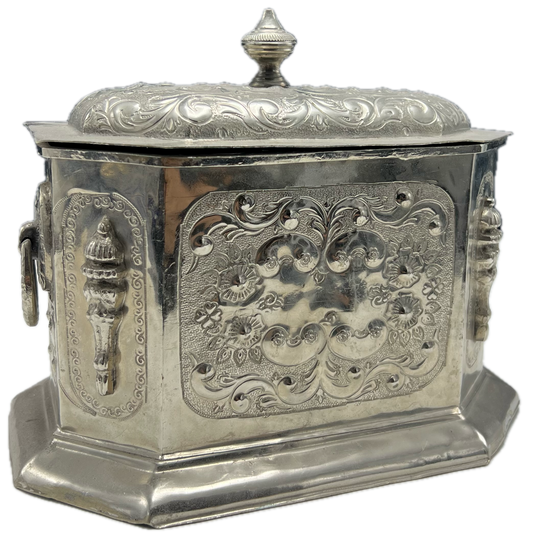 Antique Silver Engraved Tea Box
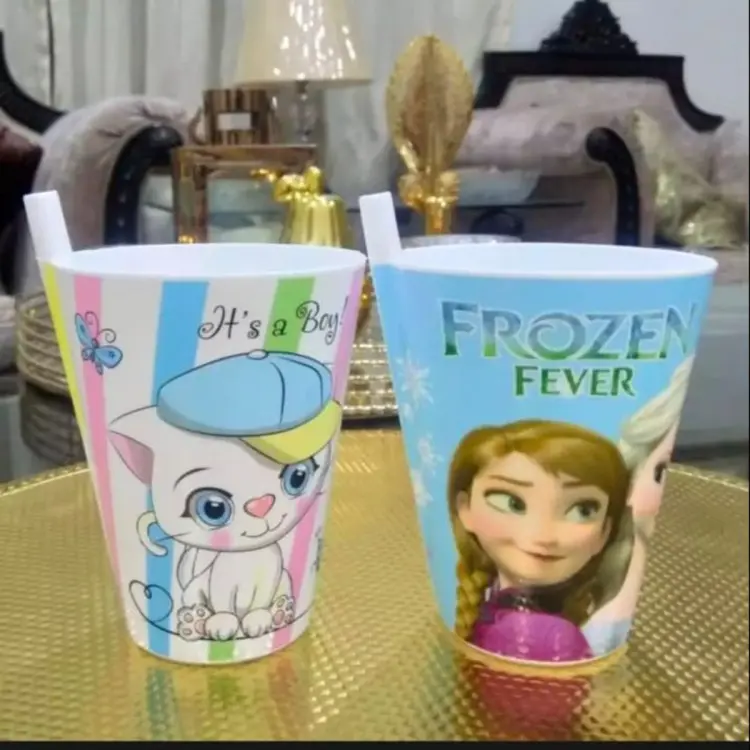 Pack of 2 Cartoon Sippy Cups 300 ml Straw Glass for Kids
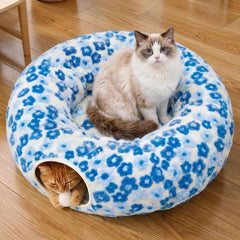 Meowfia indoor cat tunnel with donut bed circle offers a cozy lounge for two cats.
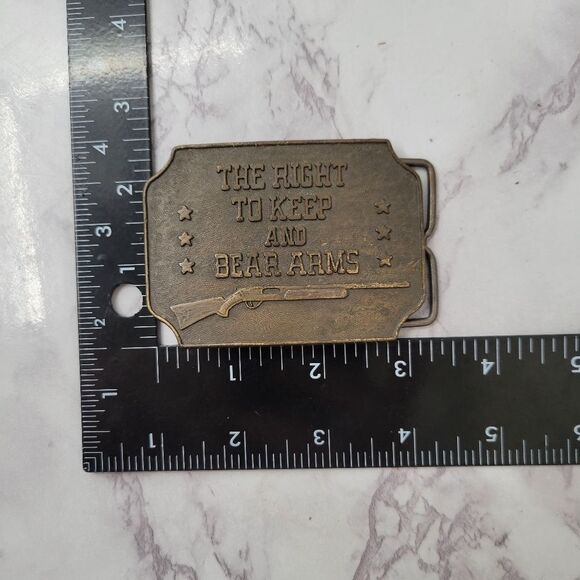 Vintage Belt Buckle 2nd Amendment The Right to Keep and Bear Arms American - Picture 4 of 5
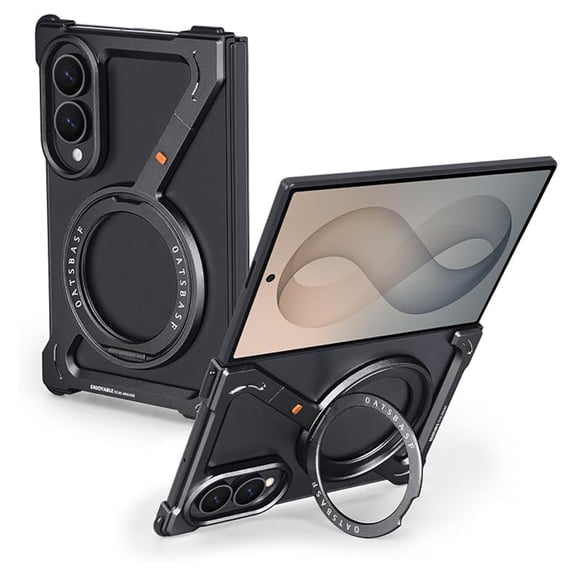 Dteck Minimalist Metal Phone Case for Samsung Galaxy Z Fold8, Rotating Magnetic Holder, Aluminum Frameless Bumper Shockproof Protective Cover,Black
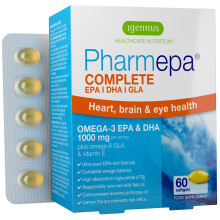 Igennus Pharmepa Complete EPA DHA rTG Omega 3 Fatty Acids 1000mg, IFOS Certified, Fish Oil Plus Omega 6 GLA Evening Primrose Oil, High Potency, Lemon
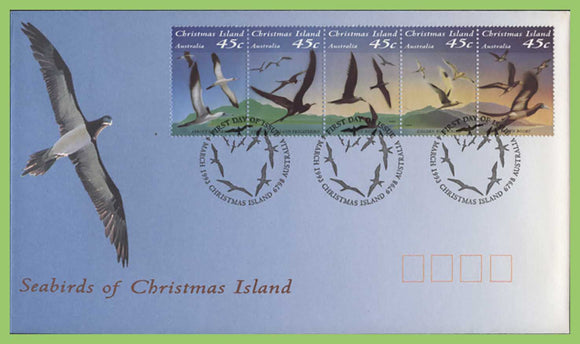 Christmas Island 1993 Seabirds set on First Day Cover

□ □ □ □ □ □ □

**Exercise details**
Repeat every entry above precisely, leaving each picture out.

**Answer to this exercise**
 Antique Silver Engraved Tea Box
 Pack of 2 Cartoon Sippy Cups 300 ml Straw Glass for Kids
 Meowfia indoor cat tunnel with donut bed circle offers a cozy lounge for two cats.
 Vintage Belt Buckle 2nd Amendment The Right to Keep and Bear Arms American - Picture 4 of 5
 Dteck Minimalist Metal Phone Case for Samsung Galaxy Z Fold8, Rotating Magnetic Holder, Aluminum Frameless Bumper Shockproof Protective Cover,Black
 Igennus Pharmepa Complete EPA DHA rTG Omega 3 Fatty Acids 1000mg, IFOS Certified, Fish Oil Plus Omega 6 GLA Evening Primrose Oil, High Potency, Lemon
 Christmas Island 1993 Seabirds set on First Day Cover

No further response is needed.